9. The MMP referendum in New Zealand, to take place at the same time as this November’s election, sees that awful German-inspired voting system rejected by the Kiwi voters. (This should be a dead certainty given how it has massively over-empowered tiny little parties across the Tasman and helped accentuate New Zealand’s relative economic decline, but the present Prime Minister Key has been a huge disappointment on this, and many other fronts and has not campaigned at all to rid Kiwis of this troublesome voting system.)

8. David Cameron actually exhibits any sort of backbone at all and stands up to the EU on something. Anything.

7. Julia Gillard takes the Labor Party to an election and suffers a near record loss. This is what happens in a democracy when a political leader clearly and explicitly lies to the voters. Ironically only Kevin Rudd wins a seat in Queensland for Labor.

6. Following on from that, a Bill to repeal the carbon dioxide tax is passed through the post-election House of Representatives and goes to the Senate, where the Labor Party (having suffered such a bad electoral loss) rolls over and helps pass the repeal Bill through the Senate.

5. Ditto, save that this time a chastised Labor Party suicidally opts to team up with the Greens again and to block the repeal Bill in the Senate. This leads inexorably on to a double dissolution election which sees Labor suffer further losses, the Greens get humbled, and the repeal Bill pass through both chambers and become law, ridding us of that bumper sticker moralising, achieve nothing Carbon Dioxide Tax.

4. Still on the same general topic, and this one my favourite, the two rural, socialist independents, Messrs Oakeshott and Windsor, both get thrown out by the voters in their constituencies. Mr. Oakeshott does so badly that he loses his deposit. Neither man is ever again elected to anything, not even dog-catcher. Parties are held throughout the land.

3. Victorian Premier Ted Baillieu recovers his nerve and agrees to repeal the democracy-enervating Victorian Charter of Rights. (At present he has seemingly rejected the view of his own MPs on the Parliamentary Review Committee, and worse has sidelined his own Attorney General, and all because he doesn’t want to offend the Charter Cheerleaders in the Universities and of the likes of Julian Burnside, all of whom are well-known Coalition supporters, right?)

2. President Obama follows the lead of former President Carter and becomes a one term president, being soundly beaten in the Electoral College by whomever the Republican nominee happens to be – it doesn’t matter, as long as there’s no more hopey-changey Keynesian incompetence.
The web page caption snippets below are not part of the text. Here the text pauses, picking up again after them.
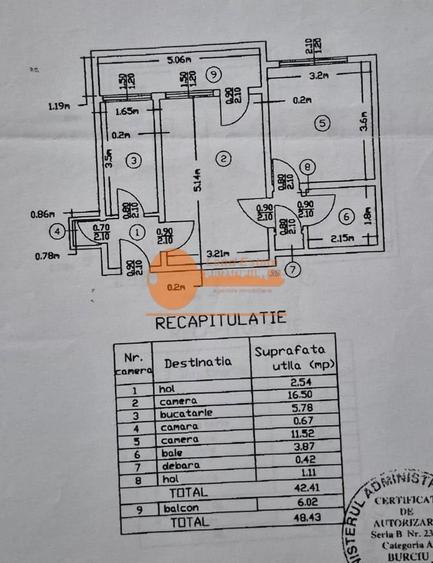 Apartament cu 2 camere Giulesti -Parcul Marin Preda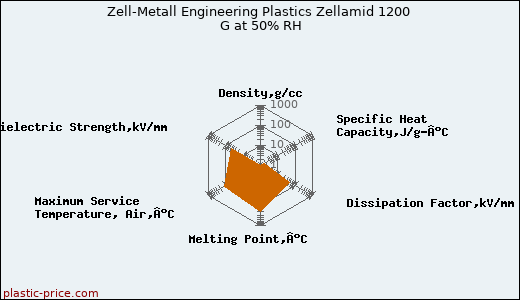 Zell-Metall Engineering Plastics Zellamid 1200 G at 50% RH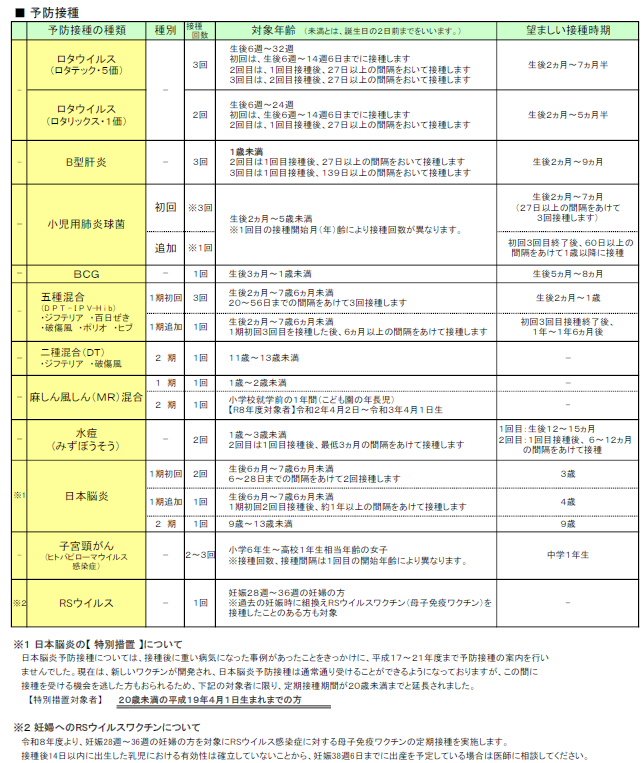 子どもの予防接種の一覧　詳細は健康管理センターへお問い合わせください。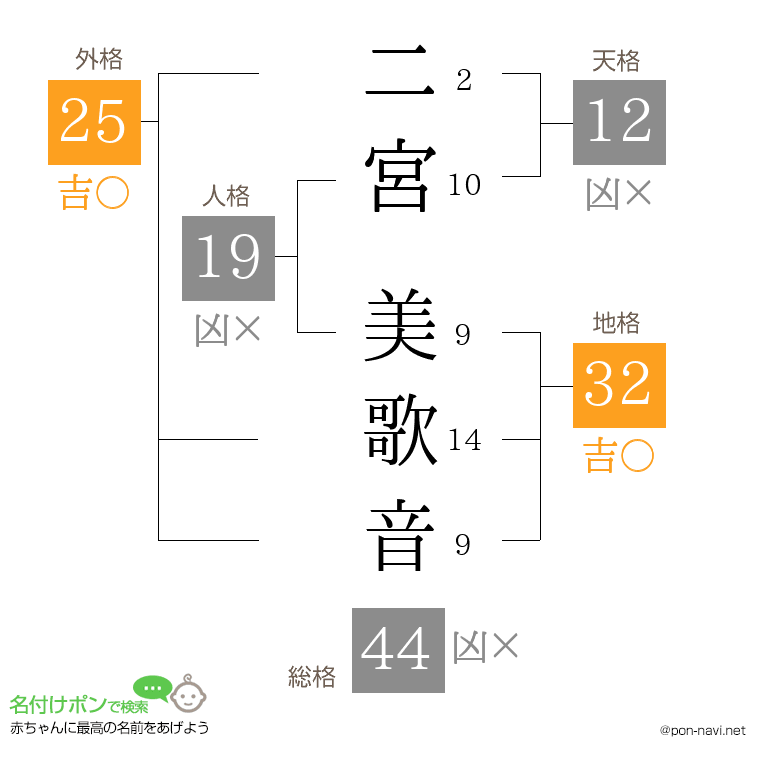 二宮 美歌音さんの姓名判断結果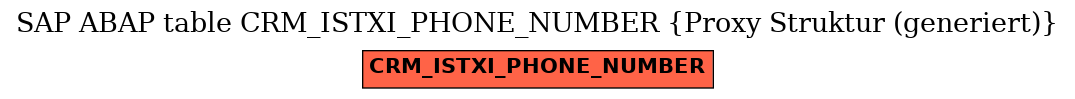 E-R Diagram for table CRM_ISTXI_PHONE_NUMBER (Proxy Struktur (generiert))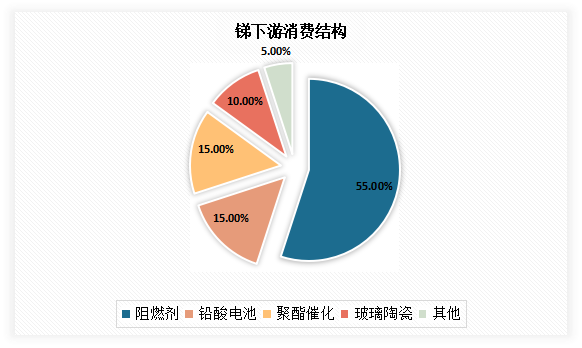 从下游需求来看，锑广泛用于阻燃剂、蓄电池及金属合金、化学制品等领域。其中阻燃材料是主要应用领域，其需求量占比 55%左右；其次是铅酸电池，需求量占比 15%左右。预计“十四五”期间我国的锑消费增量将主要来自阻燃剂、铅酸蓄电池、聚酯工业、半导体和军工领域，分别增长29.7%、31%、28.4%和62%。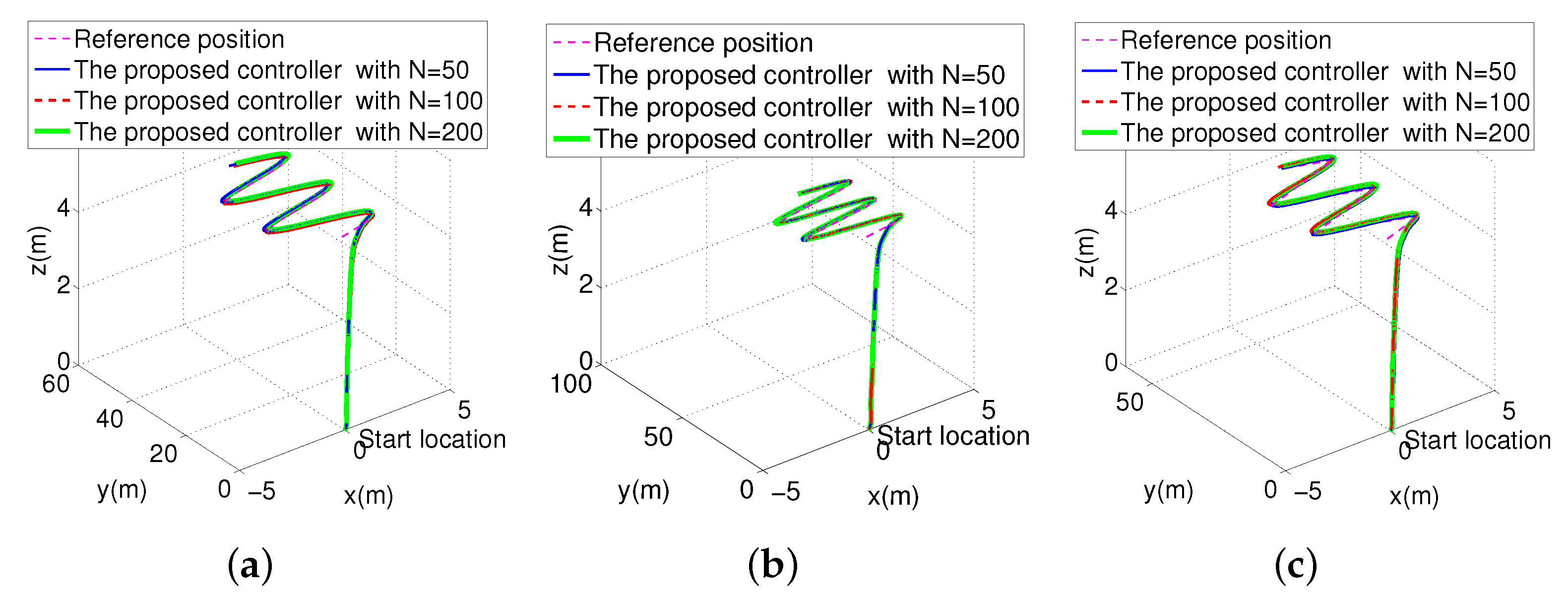 Applsci 11 05790 g006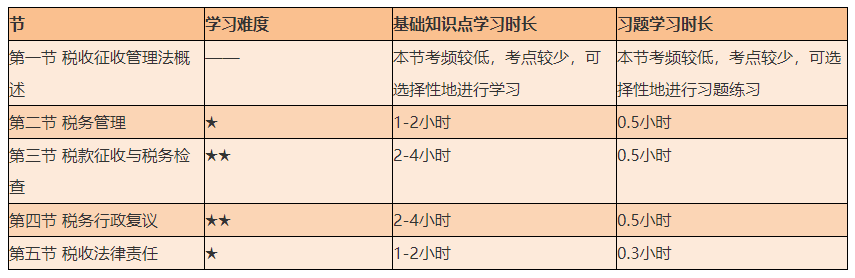 謹(jǐn)防翻車！2021初級(jí)《經(jīng)濟(jì)法基礎(chǔ)》備考難度較大的章節(jié)Top4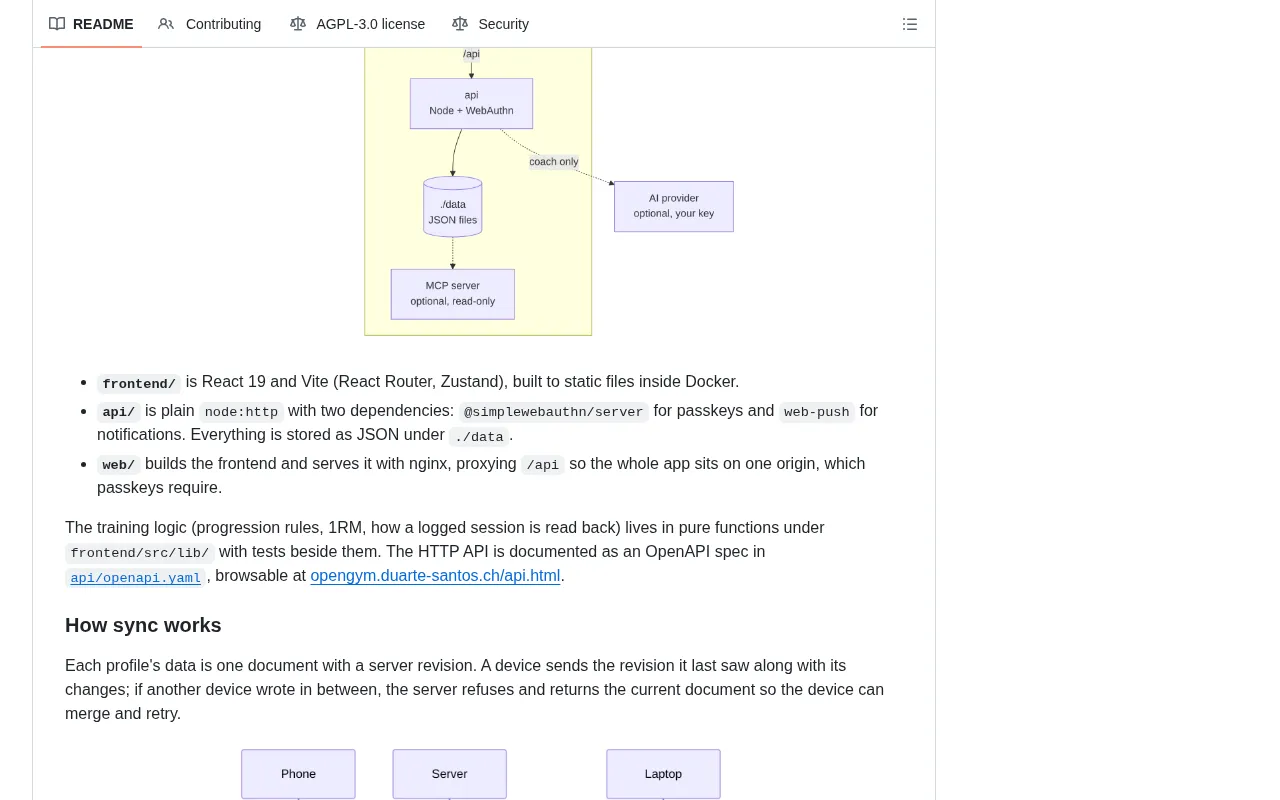 github source: DuarteSantos8/openGym: Self-hosted gym & body-weight tracker — plan routines, log workouts (superset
1. A new Prime Minister Abbott lives up the promise made by shadow Attorney General Brandis and repeals s. 18C of the Racial Discrimination Act, the free speech stifling hate speech law used to go after Andrew Bolt and to chill the scope all we Australians have to speak our minds in this country. And of all 10 of these wishes, this free speech one is, in the long term, the most important by far to Australia’s long term future. In fact I’d like to see a future Abbott government wind back all the speech stifling inroads of this, and former governments.